▶ [Exercise]: Please repeat each line below exactly, with no images in the copy.

▶ [Data extract]:
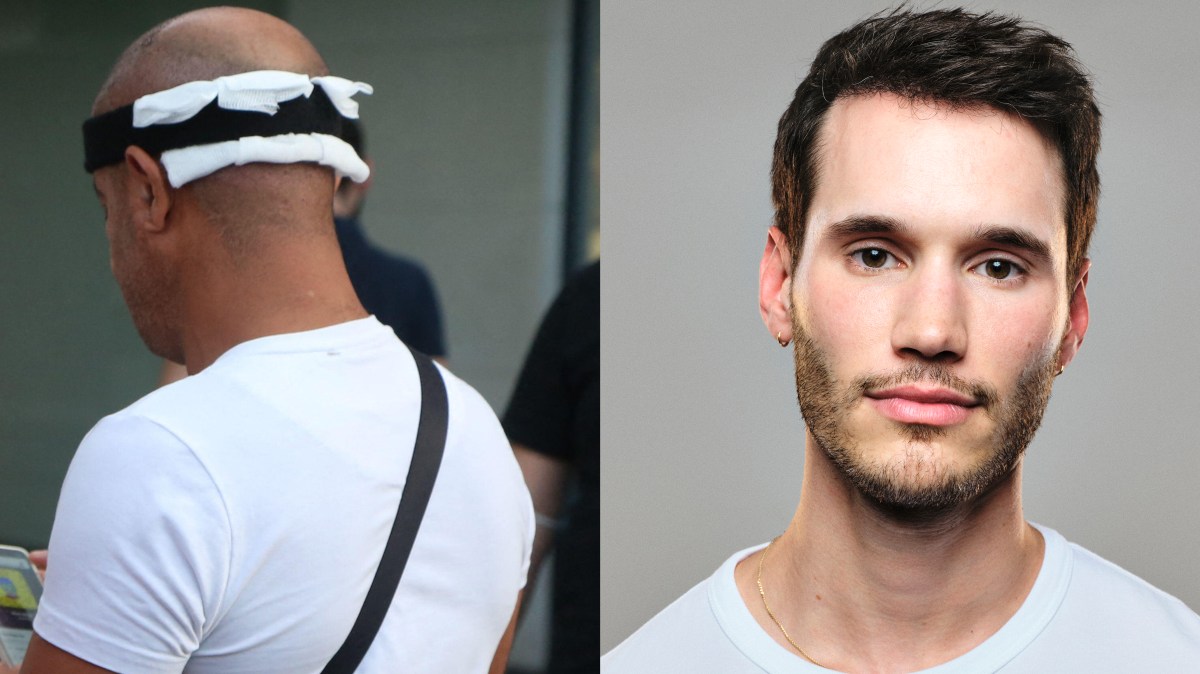I flew to Turkey for a budget hair transplant. Was it worth it?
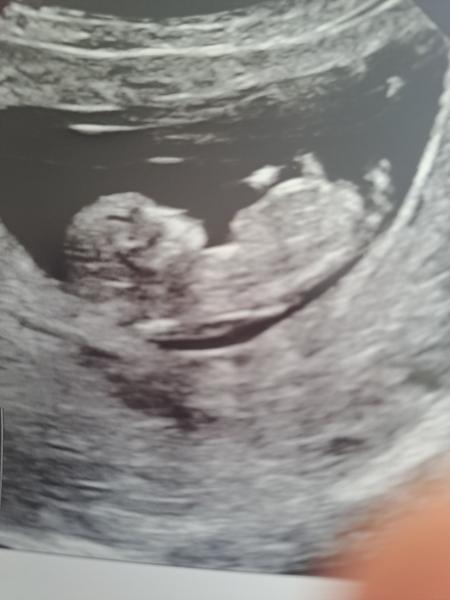 Prvotrimestrální screening v zahraničí. Je nedostačující?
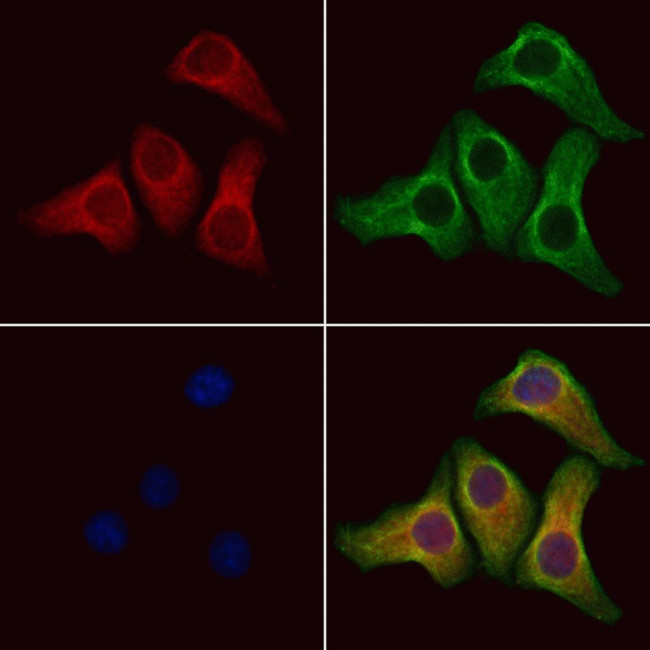 PPP1R2P3 Antibody in Immunocytochemistry (ICC/IF)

▶ [Response]:
I flew to Turkey for a budget hair transplant. Was it worth it?
 Prvotrimestrální screening v zahraničí. Je nedostačující?
 PPP1R2P3 Antibody in Immunocytochemistry (ICC/IF)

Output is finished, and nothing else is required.